## EXERCISE OBJECTIVE
Print nothing except the line holding "Ford F-150 photo 12" and the lines that come after it in the material below, and leave the pictures out.
● ● ●
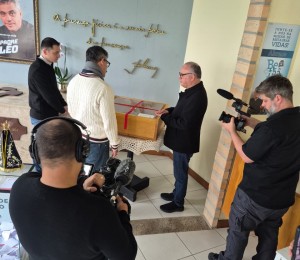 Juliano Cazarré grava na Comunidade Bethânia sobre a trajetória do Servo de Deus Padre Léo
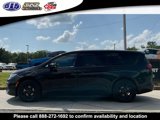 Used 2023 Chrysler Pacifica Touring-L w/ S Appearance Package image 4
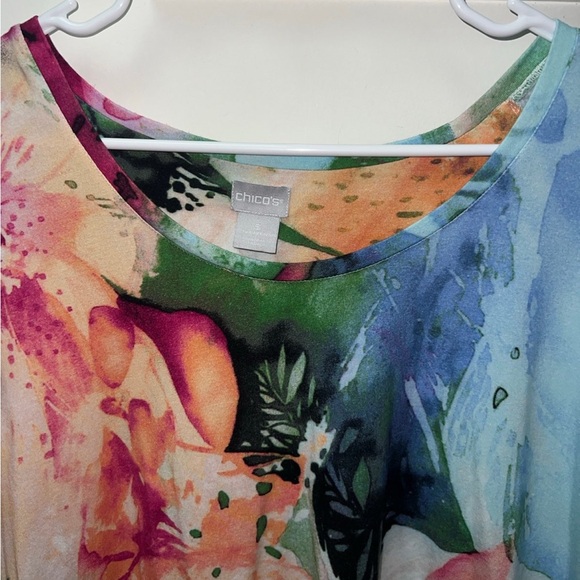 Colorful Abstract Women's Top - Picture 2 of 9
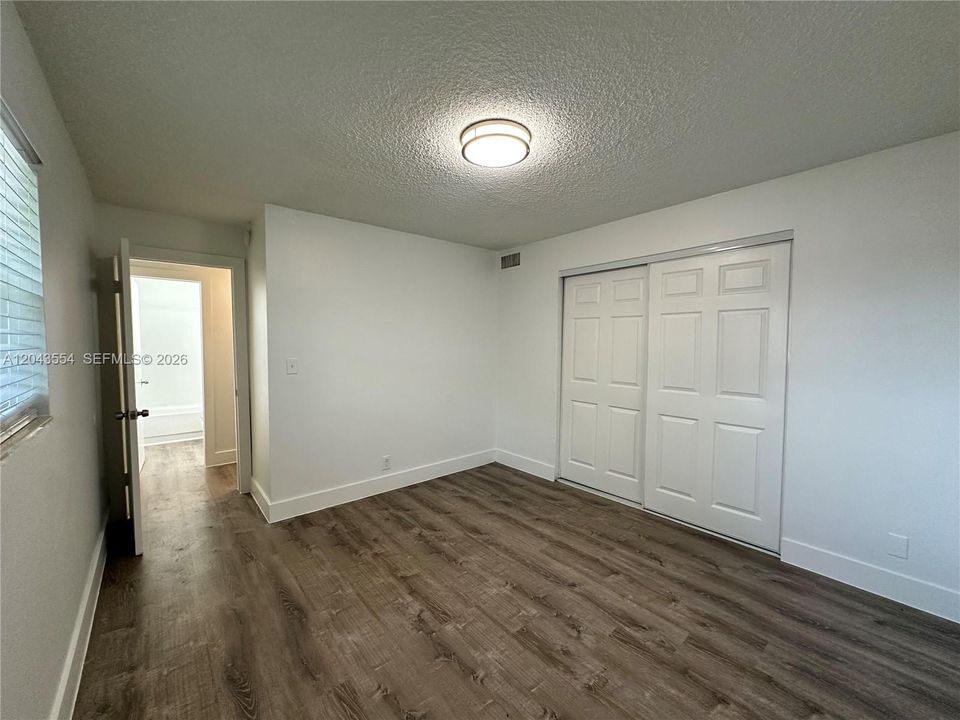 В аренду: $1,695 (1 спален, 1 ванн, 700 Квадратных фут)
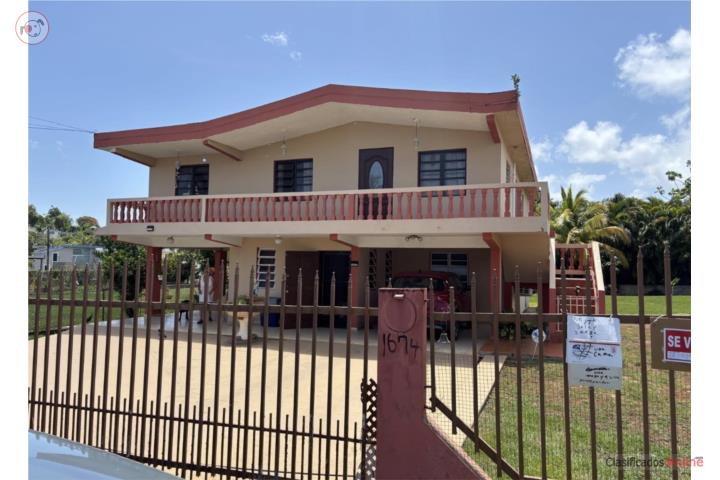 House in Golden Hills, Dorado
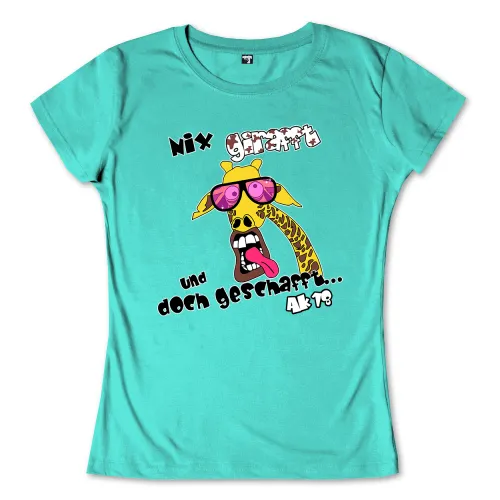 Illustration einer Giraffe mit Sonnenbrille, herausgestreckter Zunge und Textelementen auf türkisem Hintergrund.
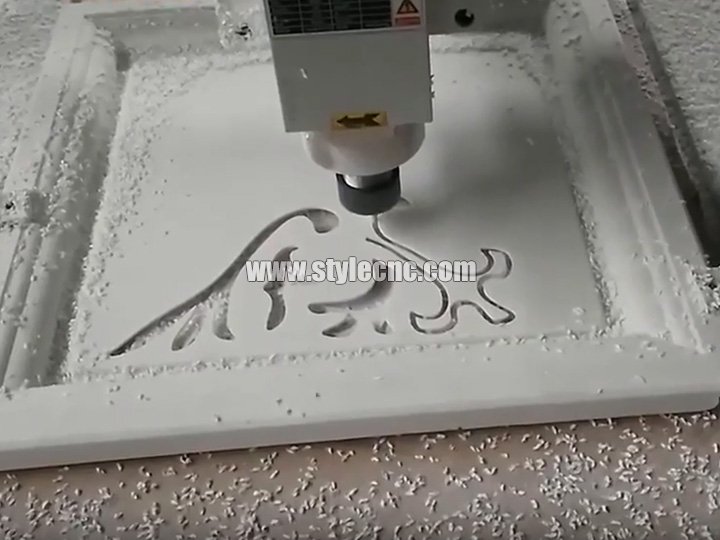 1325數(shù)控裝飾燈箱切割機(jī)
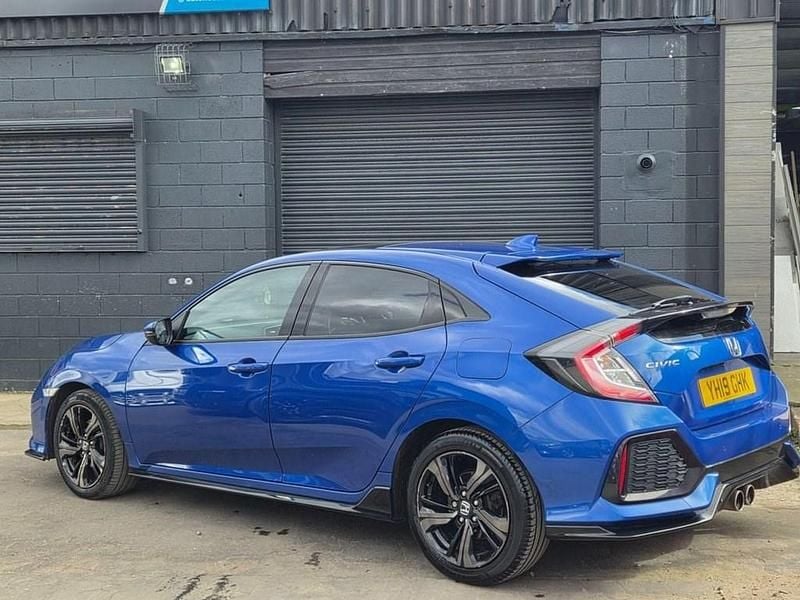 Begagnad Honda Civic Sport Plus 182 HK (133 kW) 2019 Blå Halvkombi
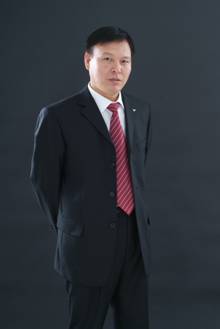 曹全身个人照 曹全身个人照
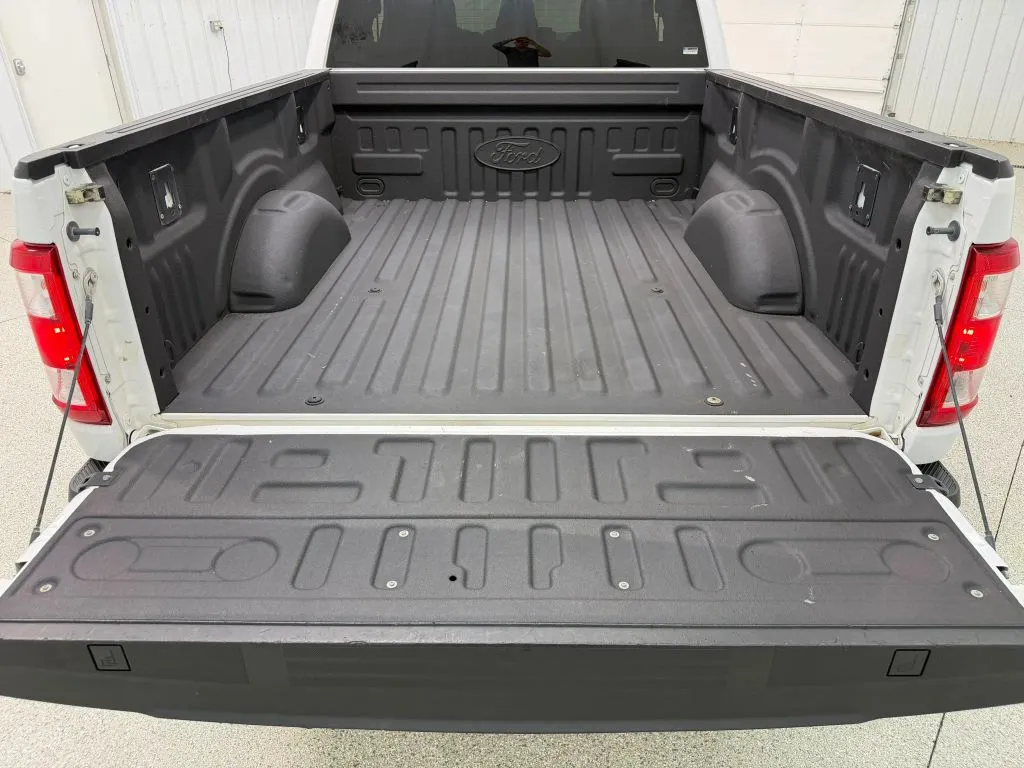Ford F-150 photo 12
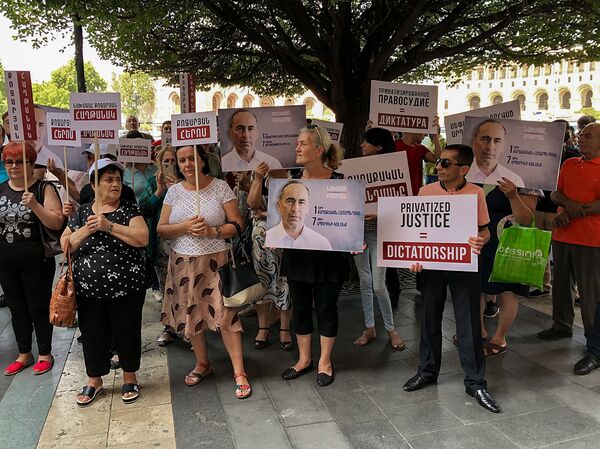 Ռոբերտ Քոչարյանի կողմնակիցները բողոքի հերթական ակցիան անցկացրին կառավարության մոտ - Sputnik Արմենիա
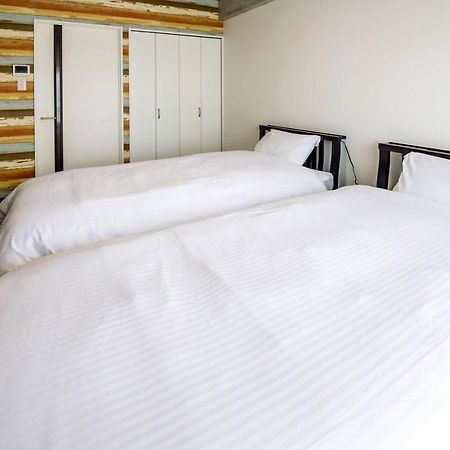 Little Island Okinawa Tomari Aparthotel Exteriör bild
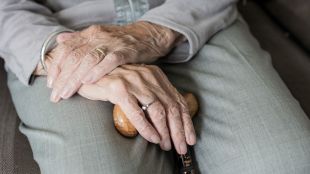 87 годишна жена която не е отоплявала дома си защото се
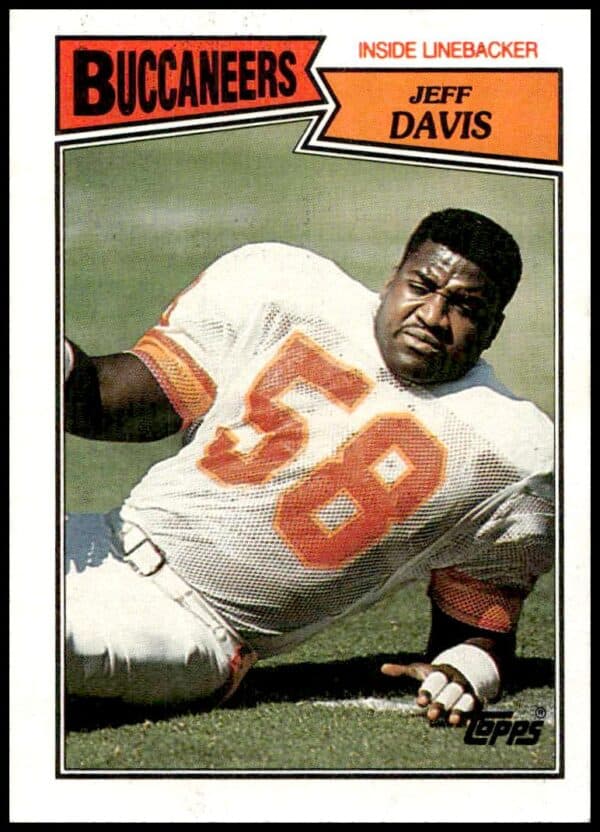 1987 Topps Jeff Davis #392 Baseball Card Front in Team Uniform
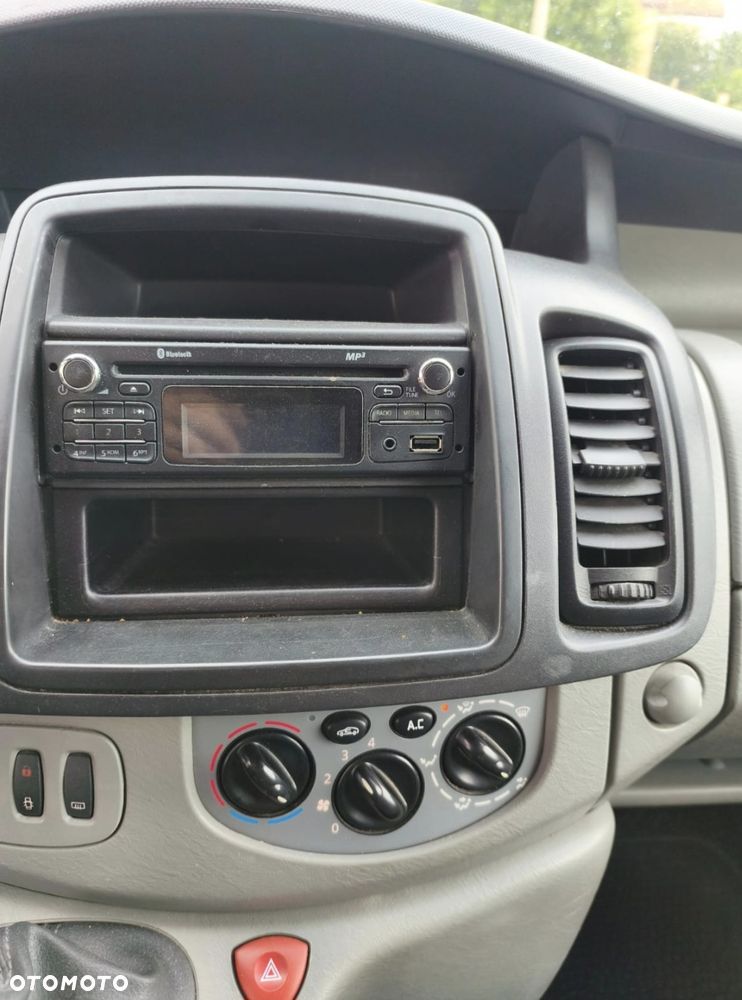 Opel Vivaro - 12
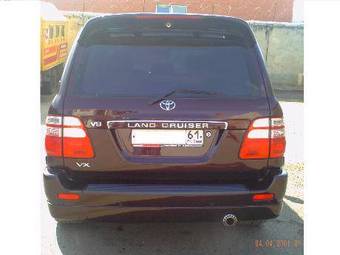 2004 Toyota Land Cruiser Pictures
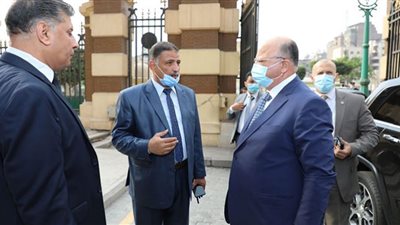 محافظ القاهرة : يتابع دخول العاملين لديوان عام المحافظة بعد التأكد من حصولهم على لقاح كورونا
● ● ●
## REPLY TO THE TASK
Ford F-150 photo 12
 Ռոբերտ Քոչարյանի կողմնակիցները բողոքի հերթական ակցիան անցկացրին կառավարության մոտ - Sputnik Արմենիա
 Little Island Okinawa Tomari Aparthotel Exteriör bild
 87 годишна жена която не е отоплявала дома си защото се
 1987 Topps Jeff Davis #392 Baseball Card Front in Team Uniform
 Opel Vivaro - 12
 2004 Toyota Land Cruiser Pictures
 محافظ القاهرة : يتابع دخول العاملين لديوان عام المحافظة بعد التأكد من حصولهم على لقاح كورونا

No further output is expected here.